With Starbucks’ popularity comes a downside, however. Getting a seat in a Starbucks in New York City is like winning some sort of lottery about which you get way more excited than any adult should about a chair. The number of customers looking for a place to sit and sip their drinks is astounding, and most Starbucks have a relatively constant line and a perpetually occupied floor of tables and chairs. If you are lucky enough to win one of these golden seats, you have also won the privilege of being stalked by vulture-like creepers who pace about the store, lingering around particular tables and staring, waiting for you to get uncomfortable enough to surrender your seat. Some people even approach you, letting you know that they have decided that it is now their turn to sit in your seat and use your table as if there were some sort of unwritten time-limit or perhaps they have been declared Ruler of the Universe without your knowing about it.

The best part about winning one of these highly-coveted seats is the free ticket that comes with it.
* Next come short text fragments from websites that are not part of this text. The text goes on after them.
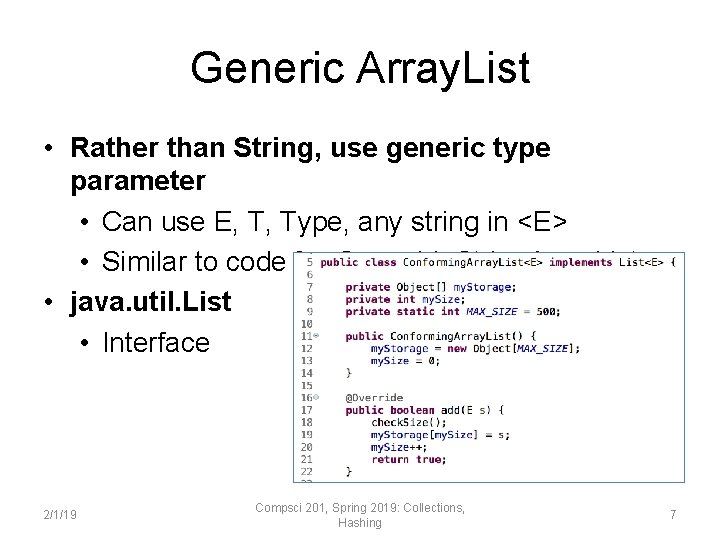 Generic Array. List • Rather than String, use generic type parameter • Can use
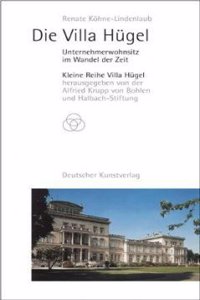 Die Villa HÃ¼gel: Unternehmerwohnsitz Im Wandel Der Zeit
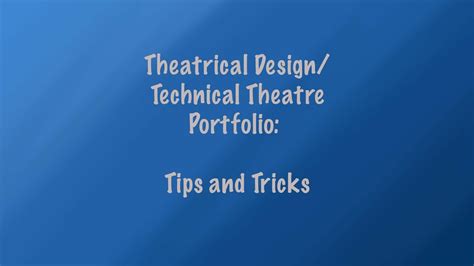 Theatrical Design and Technical Theatre Portfolio: Tips and Tricks ...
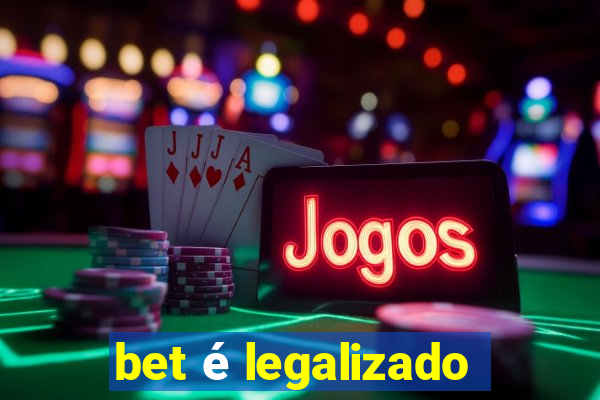 bet é legalizado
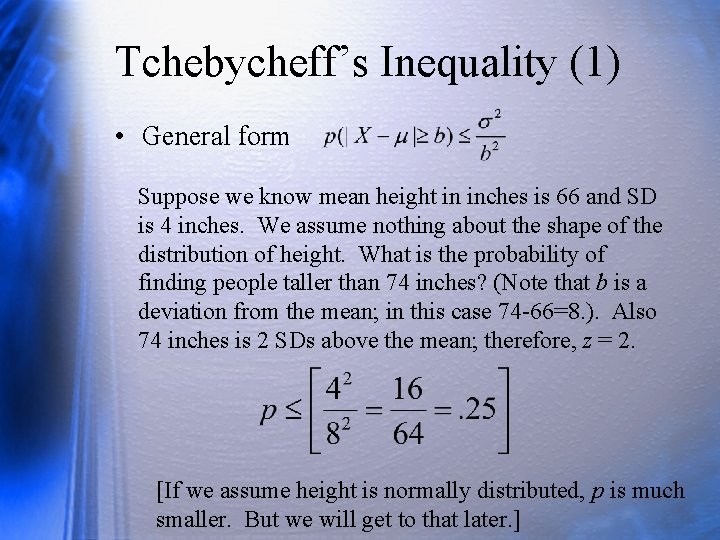 Tchebycheff’s Inequality (1) • General form Suppose we know mean height in inches is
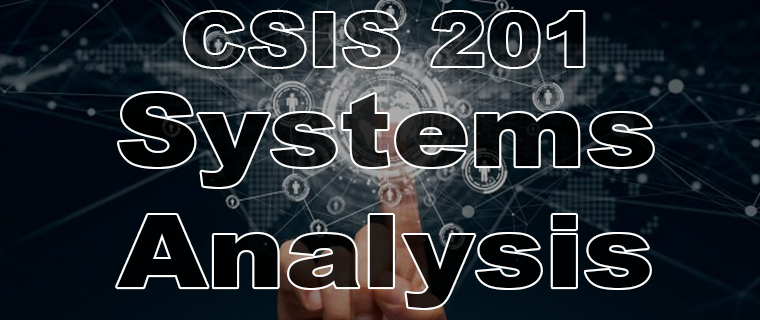 CSIS 201 System Analysis and Design
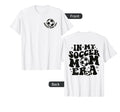 My Soccer Mom Era 2 Side T-Shirt - Minimalist Print for Adults - T-Shirt, Sweatshirt, Hoodie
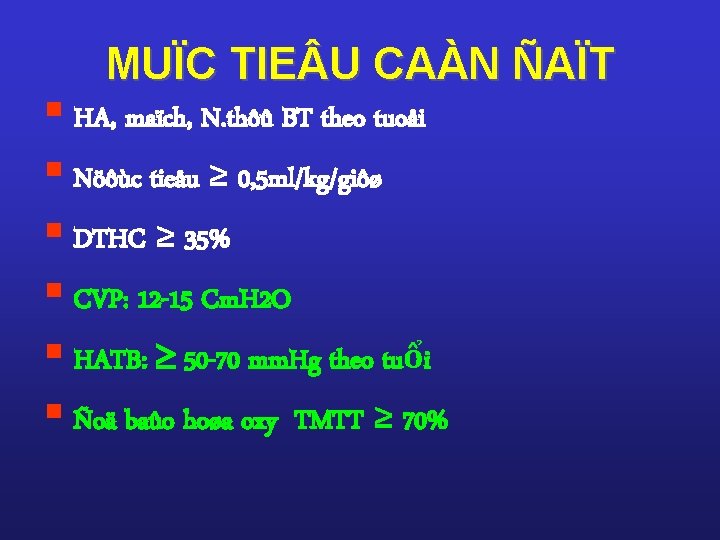 MUÏC TIE U CAÀN ÑAÏT § HA, maïch, N. thôû BT theo tuoåi § MUÏC TIE U CAÀN ÑAÏT § HA, maïch, N. thôû BT theo tuoåi §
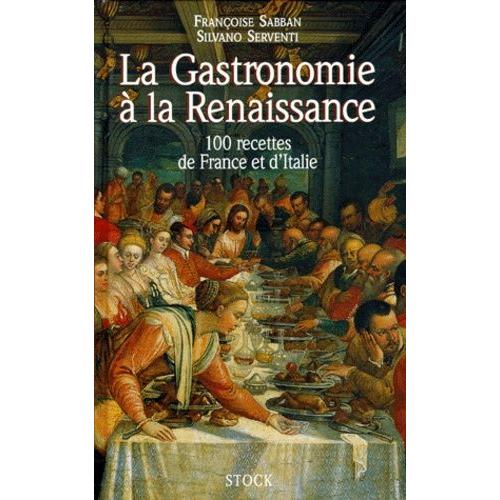 La Gastronomie A La Renaissance - 100 Recettes De France Et D'italie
You see, New York City Starbucks stores are actually part of an apparent traveling circus in which various acts mosey around Manhattan and the other boroughs performing their side show routines for anyone needing a little impromptu entertainment along with their drink that is inevitably way too hot or way too sweet to actually enjoy.

Here are some of the observations from my New York City Starbucks adventures so far:

  • A tiny little old Asian lady in a sailor outfit was standing by her table at a relatively busy Starbucks angrily yelling at the employees and customers. The thickness of her accent made it basically impossible for anyone to understand what she was saying, but I’m pretty sure the gist was this: She was mad. It was our fault. The End. And, I know you probably think that I made up the part about her wearing a sailor outfit. I didn’t.
  • A man, ostensibly homeless, with soiled clothes, a long yellow-tinged beard, and an incredibly dirty backpack decided to get a cup of coffee and rest in a Starbucks. He was filthy, and so were his belongings that were sitting in the chair opposite him at the table. Because of the incredible busyness of the store, an employee came over and very nicely asked the man to remove his things from the chair so that other people could use the unoccupied seat to sit down if they wanted. He responded by saying that he doesn’t like putting his bag on the ground because the ground is “dirty.” The very confused employee looked at him, looked at his filthy bag, looked back at him, paused and quietly walked away. Ostensibly Homeless Man – 1. Starbucks – 0.
  • A man came into Starbucks once and set up his post at a table near the door. He took out a miniature Christmas tree, placed it on the table, and then began pacing back and forth across the restaurant mumbling to himself. Every so often, he returned to his seat, removed something else from his bag, placed it on the table, and then continued pacing. I never saw him purchase a drink. His Christmas tree was beautiful.
  • A strange old lady frequents the Starbucks at 75th and Broadway. She carries large grocery bags full of who knows what. She finds a table, sits down, and places her bags on the floor. She has a walkman, circa 1990, that she uses to listen to some sort of music while she rocks back and forth and stares at everyone. Making eye contact is the equivalent to openly challenging her to a staring contest, which she will win. Every. Time. Also, I’m pretty sure she uses a red Crayola marker to apply her blush.
  • Some of the baristas prefer that you order twice, once to the drink maker and then again to the person at the register when you get up there to pay. This is especially useful at the busier stores because they can go ahead and get drinks started while customers are still waiting in long lines. The problem here lies in the fact that this is not a universal policy or practice, and you never know when walking into any given Starbucks whether you are going to be expected to order once or twice or to whom you should direct your one or two orders. Naturally, most people assume that the register is where you place your order, and usually, they would be right. But, I have seen many a barista yell “Hello!!” or “What do you want!?” or “Hey! Excuse me! Hello!? Hey! Sir!” at many an unsuspecting customer who has no idea what to do because there are now two people taking his order and he doesn’t know how to react. Pick one, Starbucks. Do you want me to order once or twice? Getting yelled at is embarrassing. And, yes, “many an unsuspecting customer” is me.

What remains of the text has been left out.